Aim of the exercise
From the line with "flower, pink, tree, bee, spring, nature, flowering" to the line with "Tarjeta Figs en retrato de árbol (Orquídea)", retype each line exactly as it stands in the records below, but skip the pictures.

Data for this exercise
- Opening Delimiter -

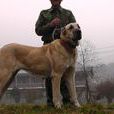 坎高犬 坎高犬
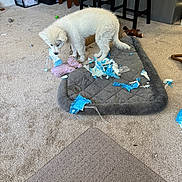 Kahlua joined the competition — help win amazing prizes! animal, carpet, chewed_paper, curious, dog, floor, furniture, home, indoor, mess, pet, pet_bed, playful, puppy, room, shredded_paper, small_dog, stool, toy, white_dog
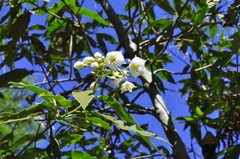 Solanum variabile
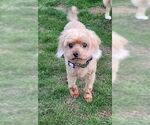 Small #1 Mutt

- Closing Delimiter -
- Opening Delimiter -

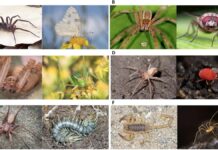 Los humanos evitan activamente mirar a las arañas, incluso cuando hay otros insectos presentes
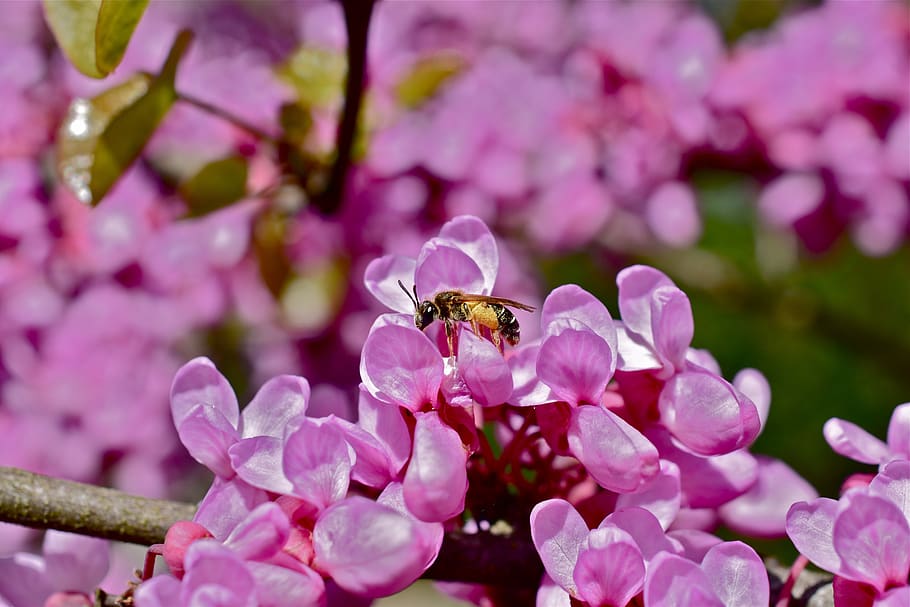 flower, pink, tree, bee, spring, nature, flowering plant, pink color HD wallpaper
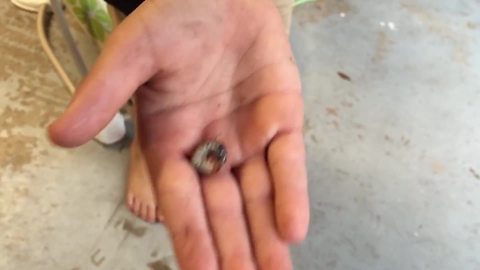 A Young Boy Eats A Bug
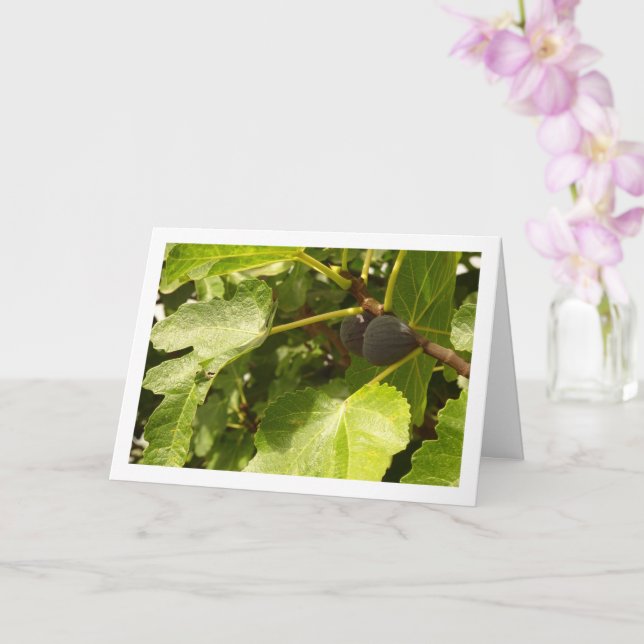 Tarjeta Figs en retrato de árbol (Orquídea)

- Closing Delimiter -

Finished task
 flower, pink, tree, bee, spring, nature, flowering plant, pink color HD wallpaper
 A Young Boy Eats A Bug
 Tarjeta Figs en retrato de árbol (Orquídea)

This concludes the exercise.